── DATA EXTRACTS ──

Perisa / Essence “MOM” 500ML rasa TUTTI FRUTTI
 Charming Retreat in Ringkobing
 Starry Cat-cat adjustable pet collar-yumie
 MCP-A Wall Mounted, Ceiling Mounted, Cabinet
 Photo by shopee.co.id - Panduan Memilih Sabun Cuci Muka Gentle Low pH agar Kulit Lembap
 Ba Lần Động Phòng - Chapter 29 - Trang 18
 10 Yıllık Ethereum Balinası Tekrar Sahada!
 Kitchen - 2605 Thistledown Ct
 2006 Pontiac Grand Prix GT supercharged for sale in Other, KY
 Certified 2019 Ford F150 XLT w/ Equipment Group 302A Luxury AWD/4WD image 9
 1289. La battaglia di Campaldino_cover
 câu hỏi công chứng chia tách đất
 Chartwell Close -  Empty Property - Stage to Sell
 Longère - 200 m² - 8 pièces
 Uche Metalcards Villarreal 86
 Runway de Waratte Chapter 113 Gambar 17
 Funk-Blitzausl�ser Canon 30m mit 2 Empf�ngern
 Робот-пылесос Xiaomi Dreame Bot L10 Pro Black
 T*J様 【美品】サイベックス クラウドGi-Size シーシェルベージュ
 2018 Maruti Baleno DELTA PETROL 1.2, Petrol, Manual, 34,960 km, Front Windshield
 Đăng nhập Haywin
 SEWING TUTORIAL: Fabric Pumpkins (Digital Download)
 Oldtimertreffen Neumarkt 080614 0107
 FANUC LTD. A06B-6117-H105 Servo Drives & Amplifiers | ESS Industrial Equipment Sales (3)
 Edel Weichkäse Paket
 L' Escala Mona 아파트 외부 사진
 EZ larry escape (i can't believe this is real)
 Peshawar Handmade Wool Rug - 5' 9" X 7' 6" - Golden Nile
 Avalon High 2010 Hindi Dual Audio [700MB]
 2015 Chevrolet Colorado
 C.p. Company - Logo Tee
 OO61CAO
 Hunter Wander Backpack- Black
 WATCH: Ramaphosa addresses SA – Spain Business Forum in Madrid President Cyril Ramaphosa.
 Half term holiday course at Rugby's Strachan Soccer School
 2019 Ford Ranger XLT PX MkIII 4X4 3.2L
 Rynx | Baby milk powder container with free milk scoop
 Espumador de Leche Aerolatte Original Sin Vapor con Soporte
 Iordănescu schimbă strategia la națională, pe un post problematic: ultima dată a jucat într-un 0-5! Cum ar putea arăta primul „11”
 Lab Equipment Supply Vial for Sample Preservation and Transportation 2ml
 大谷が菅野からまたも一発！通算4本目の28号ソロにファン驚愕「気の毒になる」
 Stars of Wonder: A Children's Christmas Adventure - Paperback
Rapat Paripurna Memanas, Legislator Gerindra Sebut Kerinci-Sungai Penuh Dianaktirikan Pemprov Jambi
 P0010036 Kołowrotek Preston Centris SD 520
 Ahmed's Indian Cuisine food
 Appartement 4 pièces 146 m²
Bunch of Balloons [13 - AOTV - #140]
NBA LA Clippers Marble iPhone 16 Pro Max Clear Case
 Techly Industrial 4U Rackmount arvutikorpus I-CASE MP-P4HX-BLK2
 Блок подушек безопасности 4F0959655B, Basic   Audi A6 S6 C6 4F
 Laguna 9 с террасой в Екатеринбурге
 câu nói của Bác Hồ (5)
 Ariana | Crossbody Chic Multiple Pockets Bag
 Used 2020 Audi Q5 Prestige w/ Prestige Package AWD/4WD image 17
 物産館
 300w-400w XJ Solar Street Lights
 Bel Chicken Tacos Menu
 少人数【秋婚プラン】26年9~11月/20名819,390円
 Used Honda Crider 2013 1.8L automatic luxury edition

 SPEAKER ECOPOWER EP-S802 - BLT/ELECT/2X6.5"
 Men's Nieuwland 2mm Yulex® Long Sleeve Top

───

REQUIREMENT
Please transcribe the records exactly from their first line through the line holding "Hunter Wander Backpack- Black", and leave out all others.

ANSWER TO THIS TASK
Perisa / Essence “MOM” 500ML rasa TUTTI FRUTTI
 Charming Retreat in Ringkobing
 Starry Cat-cat adjustable pet collar-yumie
 MCP-A Wall Mounted, Ceiling Mounted, Cabinet
 Photo by shopee.co.id - Panduan Memilih Sabun Cuci Muka Gentle Low pH agar Kulit Lembap
 Ba Lần Động Phòng - Chapter 29 - Trang 18
 10 Yıllık Ethereum Balinası Tekrar Sahada!
 Kitchen - 2605 Thistledown Ct
 2006 Pontiac Grand Prix GT supercharged for sale in Other, KY
 Certified 2019 Ford F150 XLT w/ Equipment Group 302A Luxury AWD/4WD image 9
 1289. La battaglia di Campaldino_cover
 câu hỏi công chứng chia tách đất
 Chartwell Close -  Empty Property - Stage to Sell
 Longère - 200 m² - 8 pièces
 Uche Metalcards Villarreal 86
 Runway de Waratte Chapter 113 Gambar 17
 Funk-Blitzausl�ser Canon 30m mit 2 Empf�ngern
 Робот-пылесос Xiaomi Dreame Bot L10 Pro Black
 T*J様 【美品】サイベックス クラウドGi-Size シーシェルベージュ
 2018 Maruti Baleno DELTA PETROL 1.2, Petrol, Manual, 34,960 km, Front Windshield
 Đăng nhập Haywin
 SEWING TUTORIAL: Fabric Pumpkins (Digital Download)
 Oldtimertreffen Neumarkt 080614 0107
 FANUC LTD. A06B-6117-H105 Servo Drives & Amplifiers | ESS Industrial Equipment Sales (3)
 Edel Weichkäse Paket
 L' Escala Mona 아파트 외부 사진
 EZ larry escape (i can't believe this is real)
 Peshawar Handmade Wool Rug - 5' 9" X 7' 6" - Golden Nile
 Avalon High 2010 Hindi Dual Audio [700MB]
 2015 Chevrolet Colorado
 C.p. Company - Logo Tee
 OO61CAO
 Hunter Wander Backpack- Black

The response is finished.